I drink different wines in summer. I’d no more sit down to a cockle-warming, fireside Châteauneuf du Pape in August than I would a Sancerre on the darkest, shortest December day. If the sun’s shining – and that’s not always guaranteed in these islands – I want something crisp and white in my glass. It may have bubbles, in fact I rather hope it does, but a refreshing white is what I crave.

I’m happy to try other colours, especially with food. Pink wines, for instance. One of the great things about the rosé boom is that we are seeing a much greater range of dry styles in the UK. I also turn regularly to Pinot Noir, Gamay and Cabernet Franc, three red grapes that combine freshness and perfume without hefty tannins.

As ever, my summer wine choices are an eclectic mix. There are bottles from France (14), Italy (6), Spain (4), New Zealand (4), Argentina (2) and one each from Portugal, Chile, South Africa, Australia, Greece and the United States. The grape varieties vary from the familiar (Pinot Grigio, Sauvignon Blanc and Chardonnay) to the little known (Trepat, Assyrtiko and Gros Manseng).

Stylistically, I’ve concentrated on still whites, but I’ve also picked five rosés (two of them sparkling), four reds and seven fizzes.
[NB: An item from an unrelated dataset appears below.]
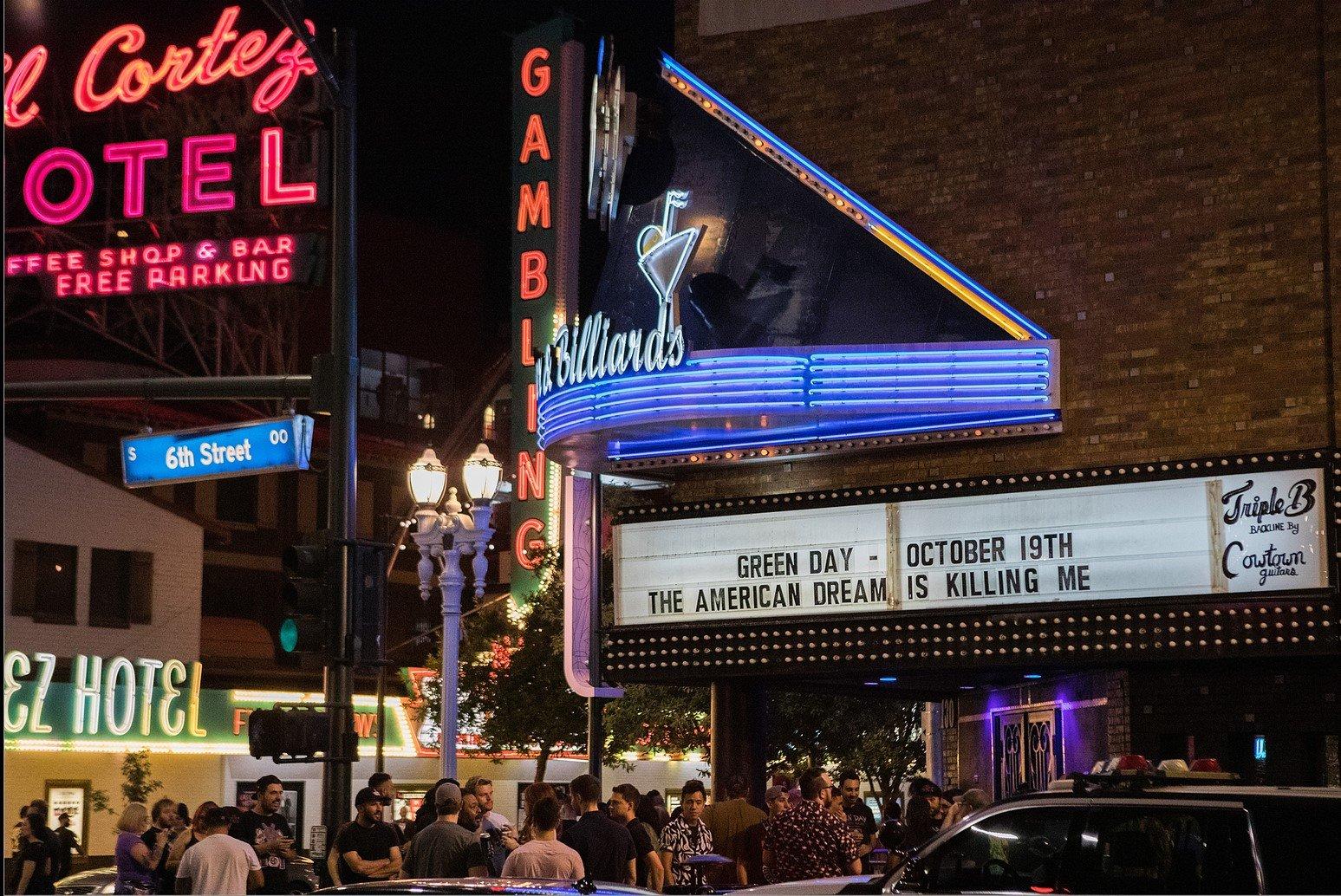 How Las Vegas Became A Punk Rock Epicenter: From When We Were Young To The Double Down Saloon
More than ever this year, selecting value for money wines has been my aim. Apart from one very fine Champagne, nothing costs more than £23 and two thirds of my choices sell for less than a tenner. Wherever you choose to drink them, I hope you’ll find something to excite your taste buds.

UNDER £6

2008 Trinacria Bianco, Sicily (£3.99, 12%, Waitrose)
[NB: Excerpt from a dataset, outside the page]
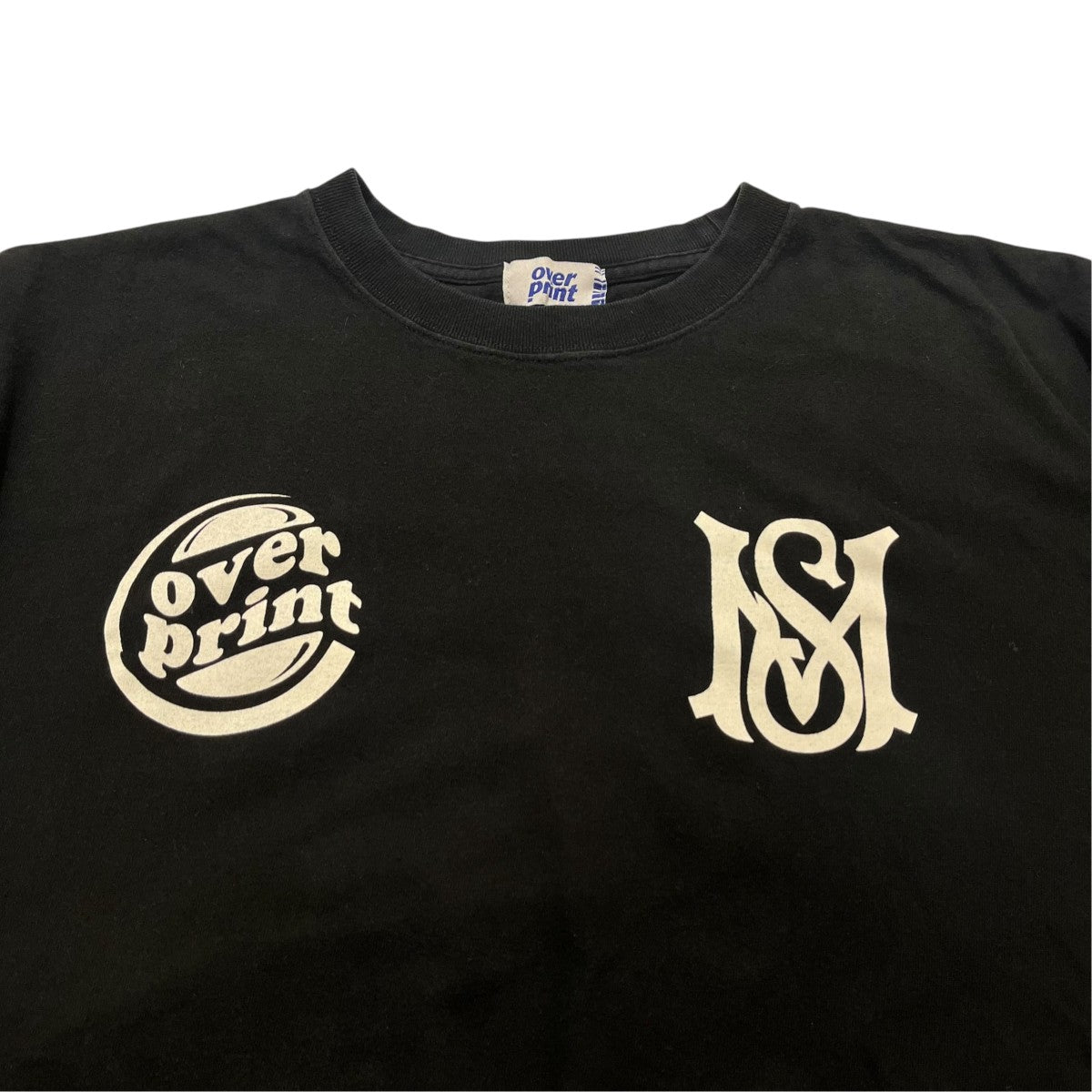 MFC STORE×overprint HOODIEプリントＴシャツ 古着・中古-3枚目のアイテム画像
Not so long ago, the white wines of Sicily were a disaster, but this shows you what modern technology and a bit of work to reduce yields in the vineyard can achieve with Catarratto and Insolia: style, freshness and honeysuckle aromas.

2008 The Co-operative Pinot Grigio (£4.99, or £3.99 until 7th July, 12%, The Co-operative)

Reduced by a £1 for the next fortnight or so, this Italian Pinot Grigio benefits from 15% Chardonnay, giving the wine a little more weight and personality. Easy drinking stuff with melon, pear and apple fruit to the fore.

2008 Gran Tesoro Garnacha Rosé, Campo de Borja (£3.54, 13.5%, Tesco)

I reckon this has to be the best value rosado in the country at the moment, a screw capped pure Garnacha pink from the Campo de Borja region in northern Spain, with bright redcurrant and raspberry fruit.

2008 Sainsbury’s Verdicchio dei Castelli di Jesi Classico (£4.11, 12.5%, Sainsbury’s)

Unmistakeably Verdicchio, this well-priced, unoaked Italian white is refreshing, yet weighty enough to work well with grilled fish or chicken: green olives, citrus fruit and an appealing bitter twist combine nicely on the palate.

2008 Norton Torrontés, Mendoza (£4.79 by the mixed case, 12%, Oddbins)

Torrontés is Argentina’s most individual white grape, a South American mutation of an old Iberian variety. The flavours and aromas here are typically grapey, floral and in your face, but this is summer in a glass. 

2008 Quinta de Azevedo Vinho Verde (£4.99 each for two, 10.5%, Majestic)

I make no apology for choosing this wine on a regular basis, because it’s one of my favourite summer whites: light, refreshing and bone dry with a touch of spritz and lingering citrus fruit flavours.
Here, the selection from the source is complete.